Let’s look on the bright side.
Donald J. Trump is the next president of the United States. His stunning victory over Hillary Clinton came after he had first crushed the Republican Party establishment, steamrollering all the candidates it put forward and defeating party leaders’ concerted efforts to deny him the nomination as he rolled up victory after victory in that party’s primaries.
But Trump did more than that. He also, along with Vermont Sen. Bernie Sanders, smashed the Democratic Party establishment too.

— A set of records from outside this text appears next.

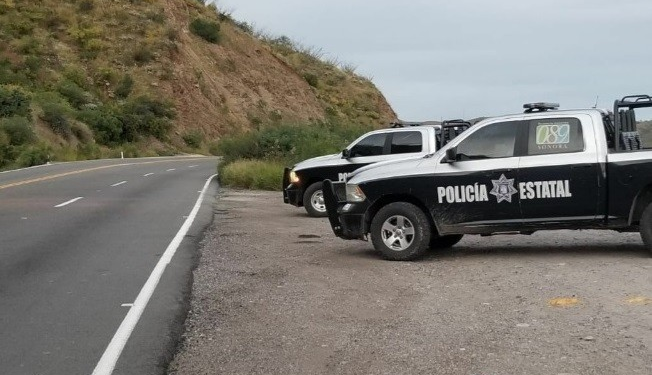 Detienen a pareja por transportar 150 mil pastillas de fentanilo en Sonora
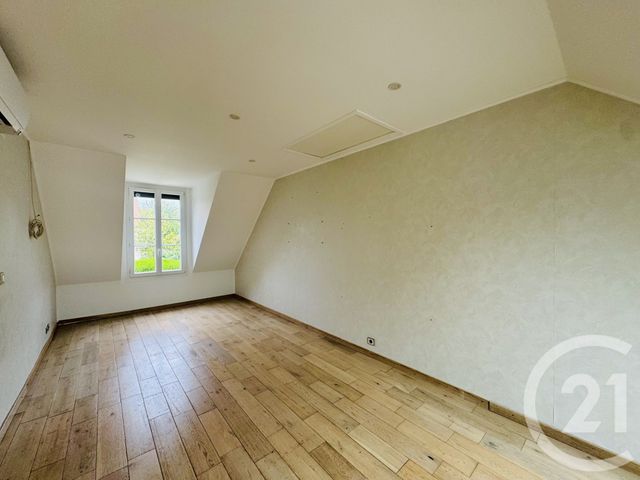 Afficher la photo en grand Maison à vendre - 7 pièces - 132,36 m2 - St Arnoult En Yvelines - 78 - ILE-DE-FRANCE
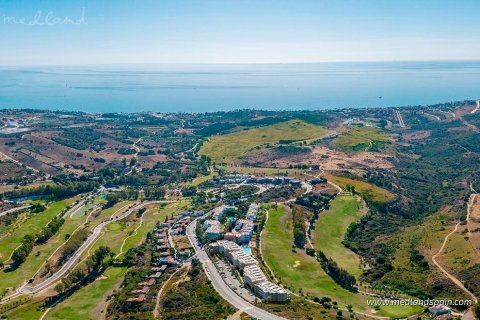 Apartment for sale in Estepona, Malaga, Spain 3 bedrooms, 103 sq.m. No. 143877 - photo 2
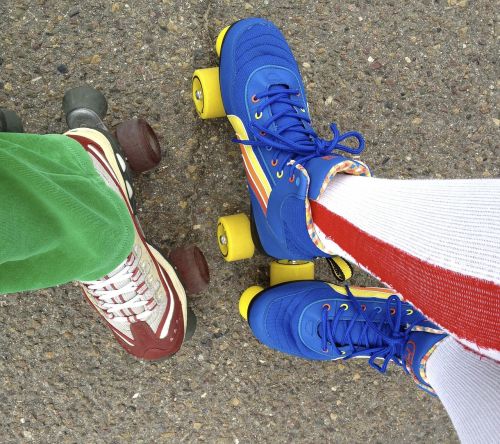 skate roller skating feet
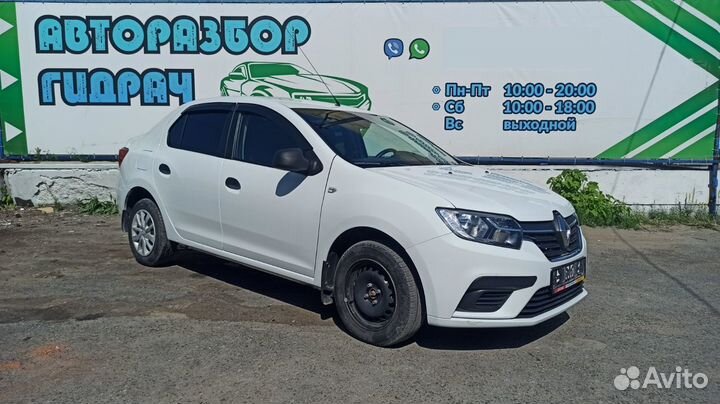 Кронштейн радиатора Renault Logan 2 214998904R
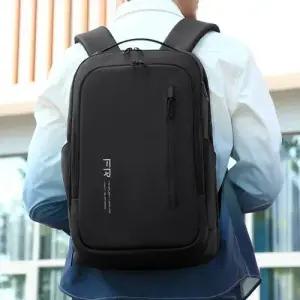 usb포트 30대 남자 백팩 캐주얼노트북 돋보 WFIQ33L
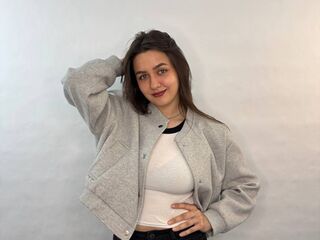 naughty webcamgirl ElaraWhitmoren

Trump’s win in traditionally Democratic strongholds like New Hampshire, Pennsylvania and Wisconsin, and his near win in Minnesota, not to mention his victories and near wins in states like Florida, Ohio, Michigan, North Carolina and Virginia, all a result of the Democratic Party’s failure to energize its critical base in black and Latino communities, have exposed the total bankruptcy of a party whose leadership long ago abandoned the poor, the working class, African Americans, Latinos and organized labor, working on a now thoroughly discredited assumption that it would automatically win those votes anyhow because those “little people” would have no place to turn but to the Democrats.
The Democratic Party establishment this election cycle threw any shred of principle to the wind in orchestrating the nomination of Hillary Clinton, surely the most disliked candidate to run on a major party ticket in history. The party did this knowing that it was promoting a candidate who had a tin ear for the issues of ordinary people, who was demonstrably corrupt and dismissive of laws and ethical standards, and who was actually under investigation by the FBI the whole time she was running in the primaries.
We know, thanks to principled Democratic Party leaders who quit like Hawaii Rep. Tulsi Gabbard, the vice chair of the Democratic National Committee, and to emails leaked by Wikileaks, that the DNC worked assiduously throughout the primary season to undermine Bernie Sanders’ insurgent primary campaign. The DNC and the Clinton campaign — actually facets of the same malignant organization — did this by scheduling early debates at times, like during the Superbowl, when few people would be paying attention, by working with corrupt mainstream journalists to plant hit pieces on Sanders, resorting to cheap red-baiting, lying about his history of civil rights activism, and questioning his mental abilities, and even resorting to voter suppression — usually a tactic favored more by Republican Party operatives.